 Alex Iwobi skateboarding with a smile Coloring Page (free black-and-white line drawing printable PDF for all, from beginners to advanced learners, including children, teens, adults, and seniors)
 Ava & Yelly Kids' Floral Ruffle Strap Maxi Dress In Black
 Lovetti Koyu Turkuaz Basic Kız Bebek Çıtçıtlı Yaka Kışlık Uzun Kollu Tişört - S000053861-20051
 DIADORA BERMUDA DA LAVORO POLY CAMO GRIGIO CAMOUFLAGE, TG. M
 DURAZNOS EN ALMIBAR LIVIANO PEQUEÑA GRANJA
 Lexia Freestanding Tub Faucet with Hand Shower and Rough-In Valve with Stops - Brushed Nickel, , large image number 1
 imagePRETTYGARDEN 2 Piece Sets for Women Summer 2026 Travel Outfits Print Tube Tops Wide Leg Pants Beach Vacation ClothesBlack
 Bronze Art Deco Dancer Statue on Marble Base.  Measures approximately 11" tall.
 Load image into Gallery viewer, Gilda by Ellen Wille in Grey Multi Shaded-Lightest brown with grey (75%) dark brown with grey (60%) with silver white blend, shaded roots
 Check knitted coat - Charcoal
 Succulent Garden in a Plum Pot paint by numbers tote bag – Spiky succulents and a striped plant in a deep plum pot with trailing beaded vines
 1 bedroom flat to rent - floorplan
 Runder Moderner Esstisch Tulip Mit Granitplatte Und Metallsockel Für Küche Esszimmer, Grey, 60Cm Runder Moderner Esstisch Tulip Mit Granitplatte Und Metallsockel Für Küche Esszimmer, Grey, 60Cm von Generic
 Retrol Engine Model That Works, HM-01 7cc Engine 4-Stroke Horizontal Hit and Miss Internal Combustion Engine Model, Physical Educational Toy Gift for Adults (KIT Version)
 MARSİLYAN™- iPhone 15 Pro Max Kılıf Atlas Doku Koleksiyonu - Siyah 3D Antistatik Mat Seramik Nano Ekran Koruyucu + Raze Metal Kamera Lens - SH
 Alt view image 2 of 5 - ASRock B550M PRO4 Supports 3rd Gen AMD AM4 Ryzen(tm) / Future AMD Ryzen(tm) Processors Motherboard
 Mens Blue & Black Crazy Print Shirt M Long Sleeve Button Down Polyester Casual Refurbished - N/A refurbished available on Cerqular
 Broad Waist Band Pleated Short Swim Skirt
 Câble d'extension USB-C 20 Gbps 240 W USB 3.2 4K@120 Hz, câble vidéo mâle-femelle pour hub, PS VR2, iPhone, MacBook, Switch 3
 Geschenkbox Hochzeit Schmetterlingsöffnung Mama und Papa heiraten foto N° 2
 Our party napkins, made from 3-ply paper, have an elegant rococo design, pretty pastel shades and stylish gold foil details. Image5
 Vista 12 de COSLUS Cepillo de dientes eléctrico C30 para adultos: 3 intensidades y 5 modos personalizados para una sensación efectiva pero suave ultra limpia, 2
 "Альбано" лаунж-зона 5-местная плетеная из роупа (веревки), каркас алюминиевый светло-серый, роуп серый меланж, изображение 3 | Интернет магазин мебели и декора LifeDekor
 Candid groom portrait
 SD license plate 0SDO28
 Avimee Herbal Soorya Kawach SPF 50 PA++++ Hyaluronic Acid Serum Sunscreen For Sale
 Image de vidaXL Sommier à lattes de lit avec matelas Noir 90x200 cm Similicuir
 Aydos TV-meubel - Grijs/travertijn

════════════════

EXERCISE PROMPT ▸ Copy exactly the stretch of data above from the line with "DIADORA BERMUDA DA" through the line with "Bronze Art Deco", and omit all other lines.

REPLY TO THE TASK ▸
 DIADORA BERMUDA DA LAVORO POLY CAMO GRIGIO CAMOUFLAGE, TG. M
 DURAZNOS EN ALMIBAR LIVIANO PEQUEÑA GRANJA
 Lexia Freestanding Tub Faucet with Hand Shower and Rough-In Valve with Stops - Brushed Nickel, , large image number 1
 imagePRETTYGARDEN 2 Piece Sets for Women Summer 2026 Travel Outfits Print Tube Tops Wide Leg Pants Beach Vacation ClothesBlack
 Bronze Art Deco Dancer Statue on Marble Base.  Measures approximately 11" tall.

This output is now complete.